Monday, Sep. 30, 1946
Coming Up
Cub reporters on Chicago's grimy police beat are not likely to be treated with courtesy. But this one was. Last week at the East Chicago Avenue station, the police lieutenant on duty deferentially showed him the lockup, the blotter, wished him the best of luck. At the County Building, Coroner A. L. Brodie bustled about, personally paced the newcomer through the office routine. Young (30), Harvard-accented Marshall Field IV took everything in with urbane interest. He was entering Phase 2 of his journalistic education.
Ads & Gags. Phase 1 was a six-month whirl through the circulation and advertising departments of his father's Sun. Husky, willing Field IV started on a delivery truck, learned about street sales, home sales, customer complaints against carrier boys, sat around drinking with the drivers after work. Using another name (in Chicago, salesmen are not named Marshall Field except as a gag), he sold classified ads over the telephone. Then he took a fast fling at promotion copy and a quick look at the local, national and amusement advertising departments.
Field IV's name and his born-to-the-manor air have not yet handicapped him in a business where stuffed shirts are liable to get taken to the cleaners. Last week he was getting along fine with North Side bookies, gracefully dropped $40 in a poker game with cops and reporters. Says balding Bill Block, Sun police reporter and Field's current mentor: "Everybody likes him and they all think he's a lot more democratic than they thought he'd be."
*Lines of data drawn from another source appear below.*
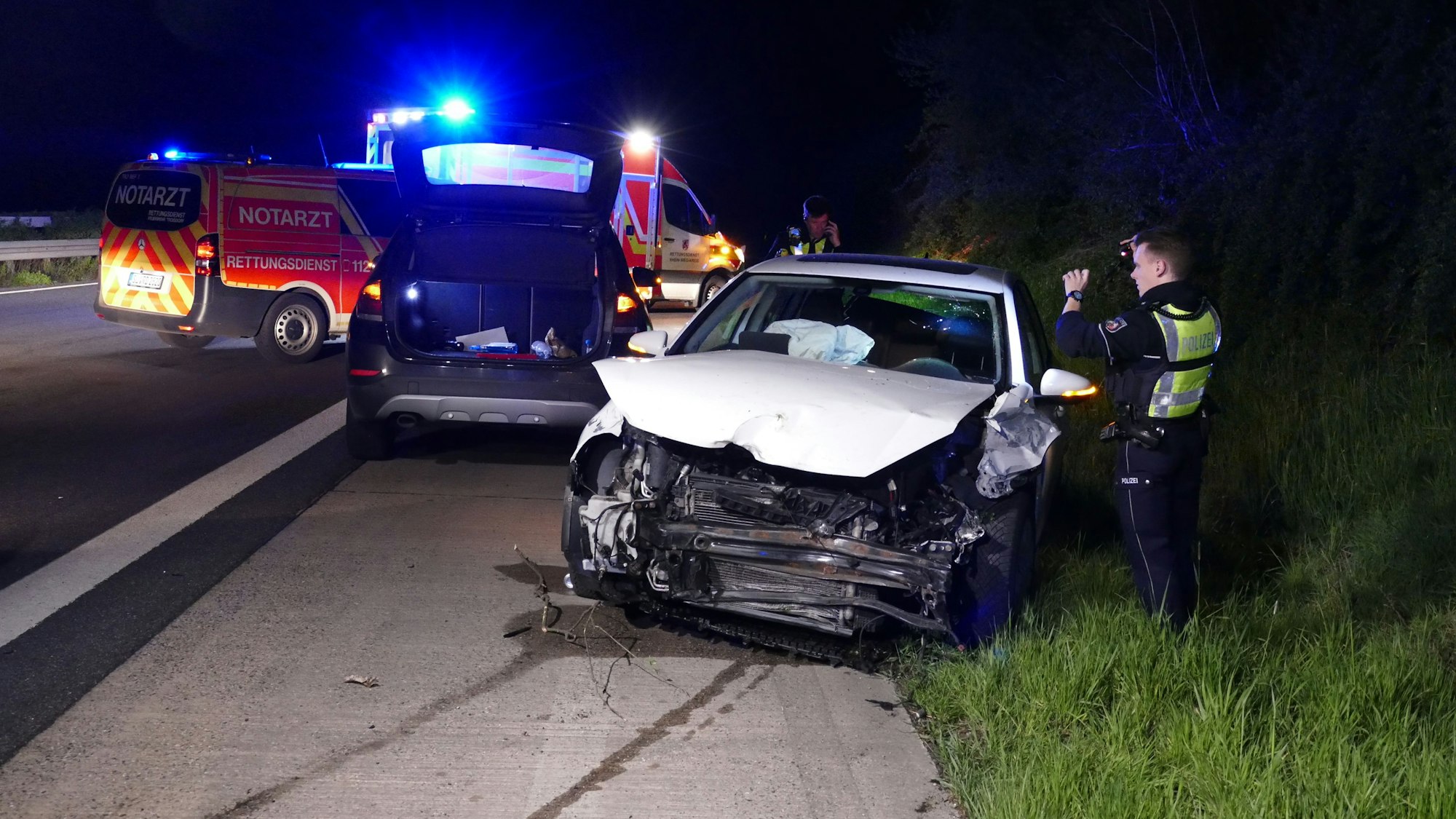 Ein Falschfahrer verursacht einen Unfall auf der A560 in Hennef am 17. April 2023.
Die beiden beschädigten Wagen blieben auf dem Seitenstreifen stehen.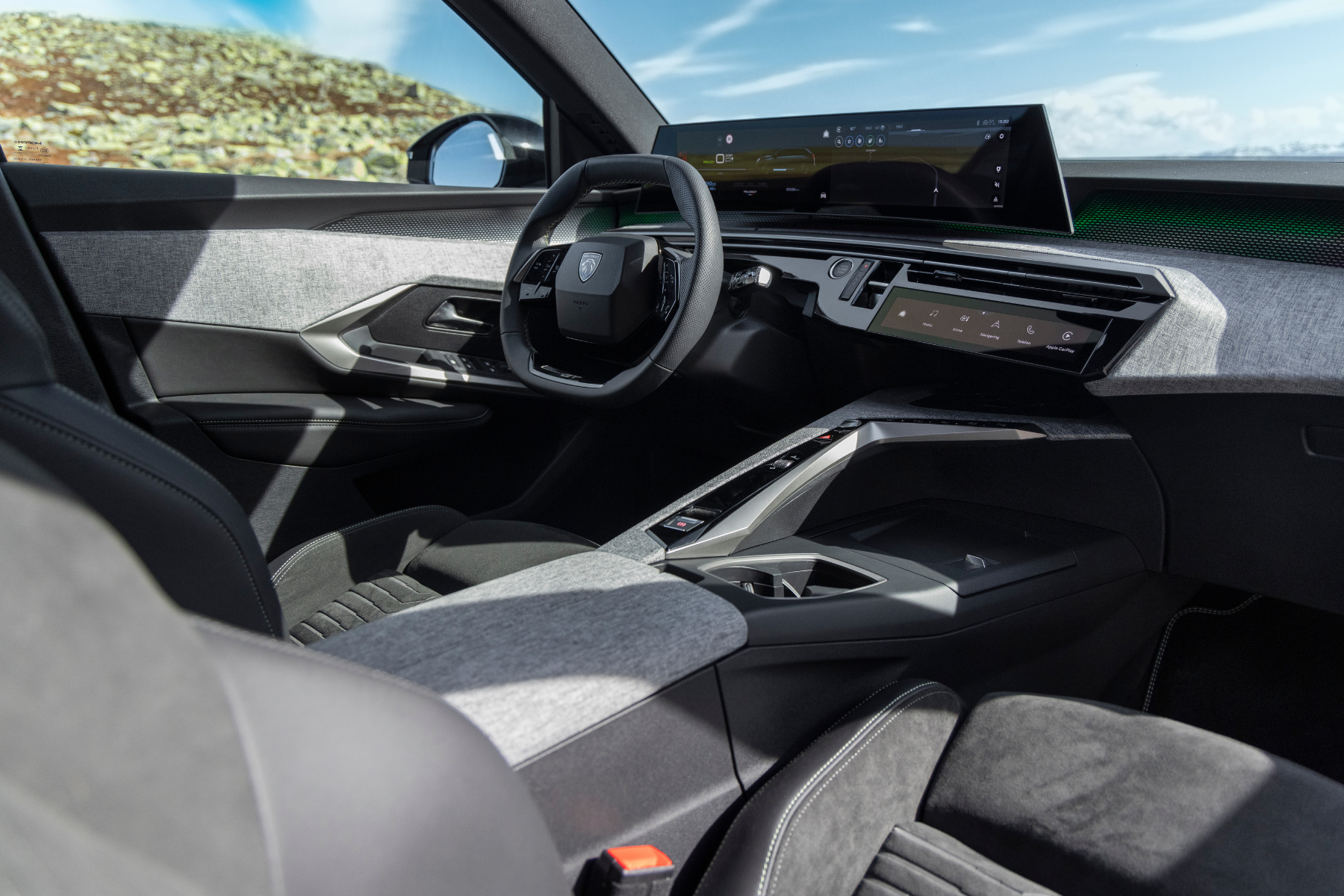 Peugeot e-5008 GT+ AWD – miniatyrbilde 6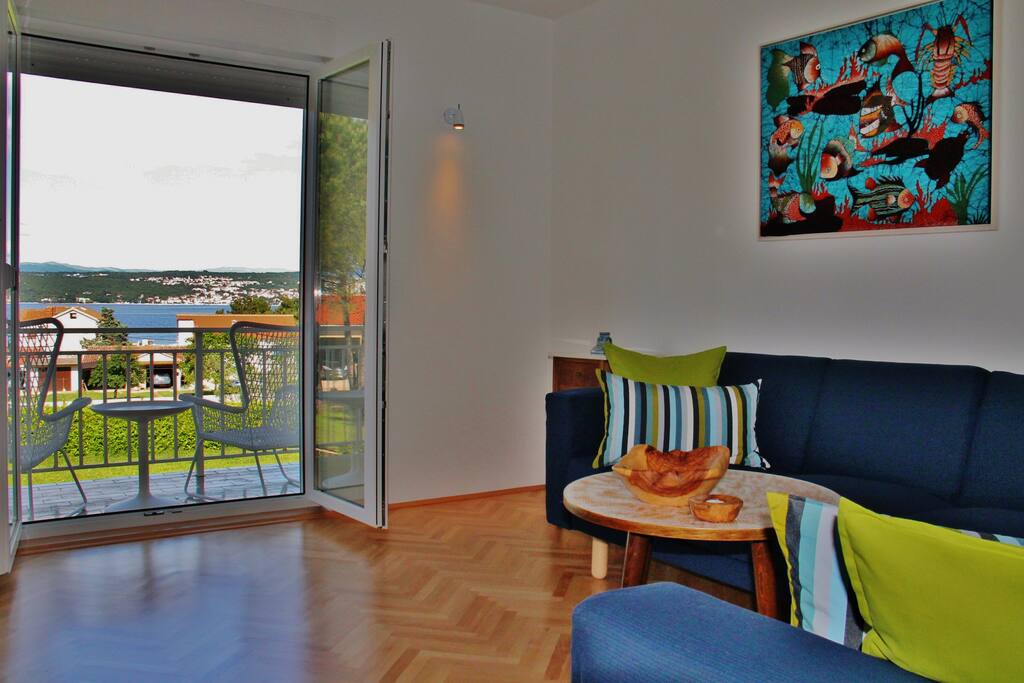 LIVING ROOM: sleeps 2 - Super King bed (180x200 cm) + closet for things + big sofa + Wi-Fi SMART / TV + Balcony with 4 chill chairs and 2 small tables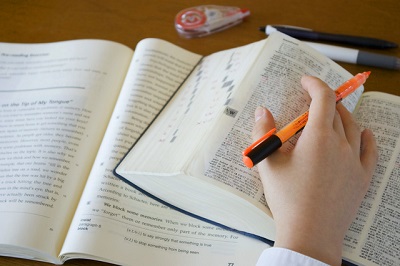 集中をさらに上げるヒント！勉強机はサイズを重視して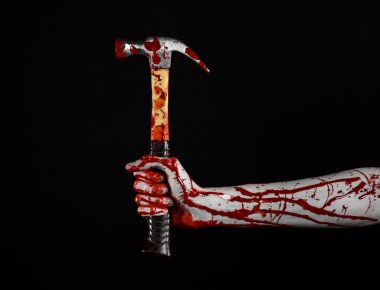 Kanlı halloween Tema: siyah arka plan üzerine izole kanlı çekiç tutan kanlı el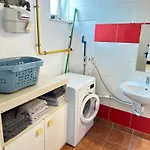 Schwanenstadt Apartment *
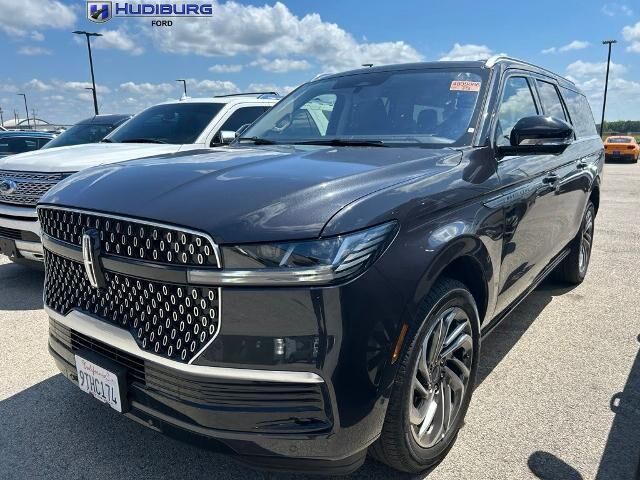 2025 Lincoln Navigator L Reserve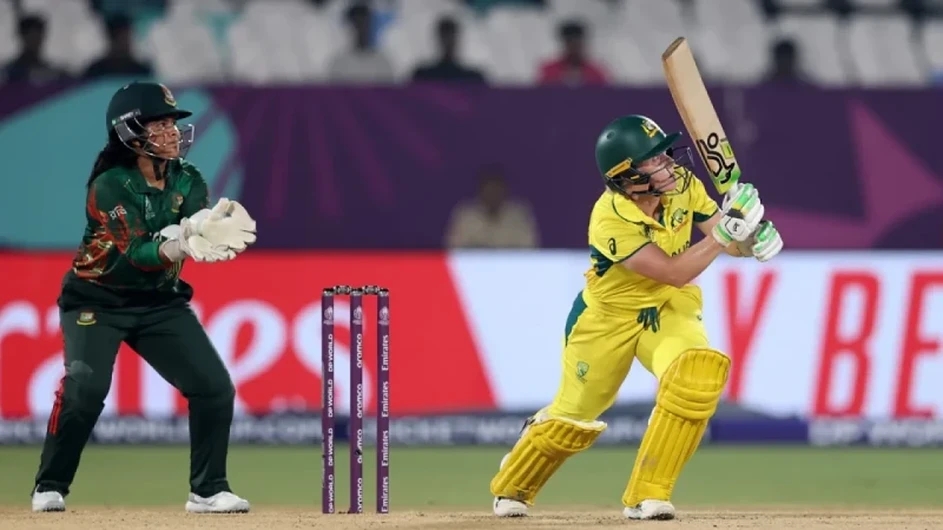 অস্ট্রেলিয়ার কাছে ১০ উইকেটে উড়ে গেল বাংলাদেশ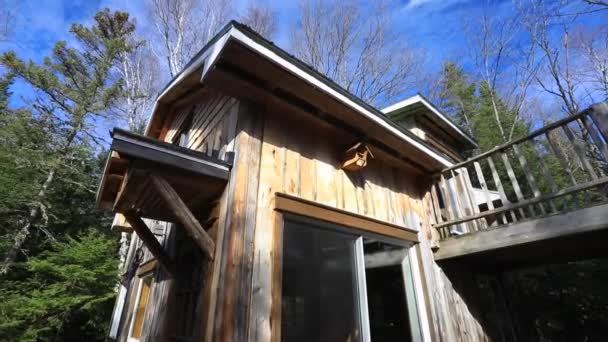 Mini maisons hors réseau dans la forêt — Video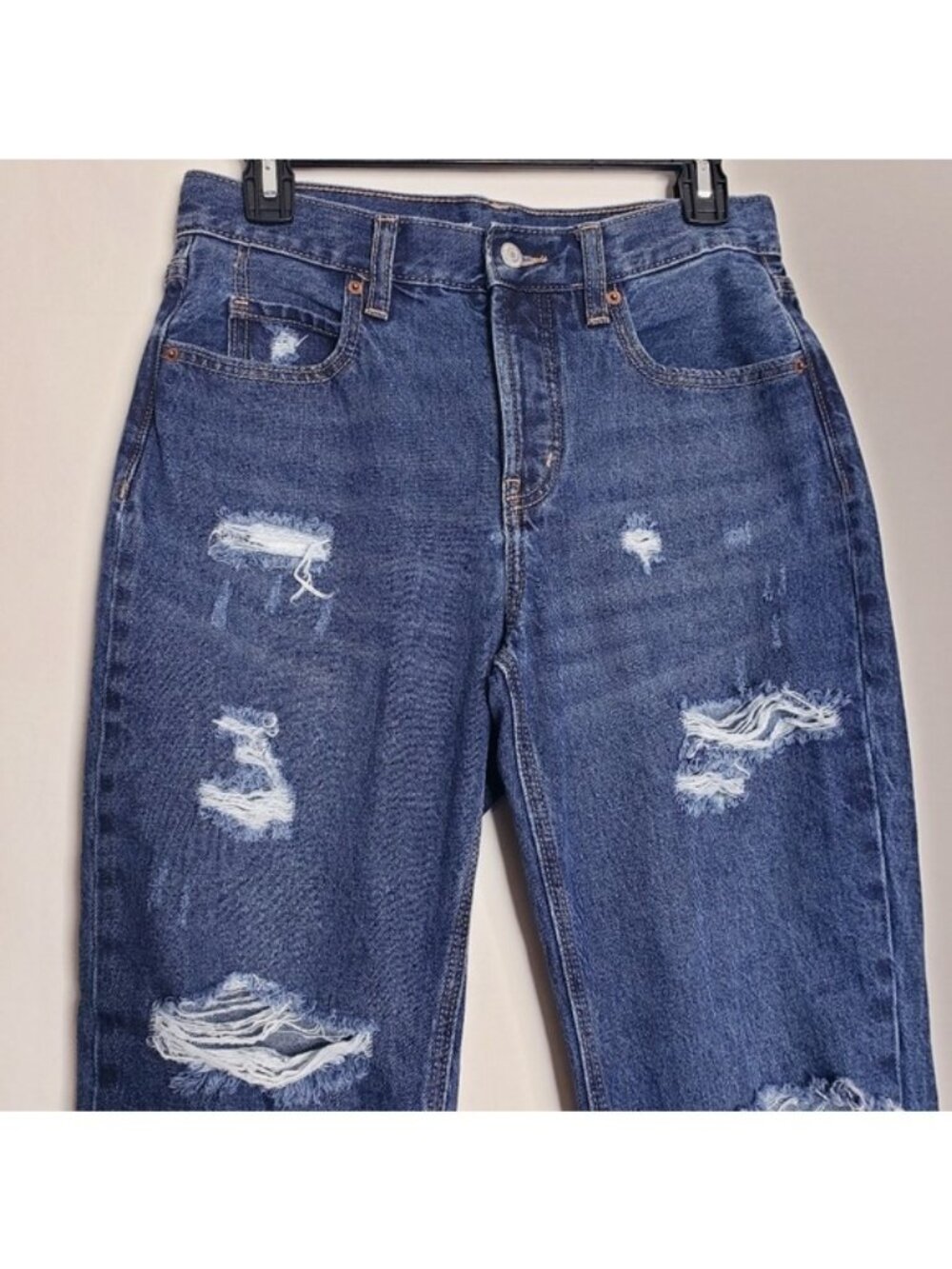 Old Navy High Rise Slouchy Straight Leg Distressed Ankle Jeans Women's Size 2 - Picture 3 of 10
Pride & Progress. After two weeks on police, Field will take in other routine beats: City Hall, criminal courts, school, labor, etc. After that, he will hit the high spots in each of the Sun's editorial departments, winding up in London to give foreign reporting a once-over under Sun veteran Frederick Kuh. "Then," says Marshall Field III, "he'll settle down to some one job, but I don't know yet what it'll be. I'm very proud of him, but I suppose that's natural."
Field III has reason to be proud. Handsome, unpretentious Field IV graduated from Harvard magna cum laude; at the University of Virginia Law School he was editor of the Law Review and president of his class. He enlisted in the Navy the day after Pearl Harbor, took part in twelve major engagements, came back with the Purple Heart, the Silver Star and a Presidential Citation.
He has no use for papers which, like his father's Manhattan partisan PM, are adless or "subsidized by one person." His own aim as a Sun man is modest enough. Says he: "Maybe some day I'll be able to do some good here."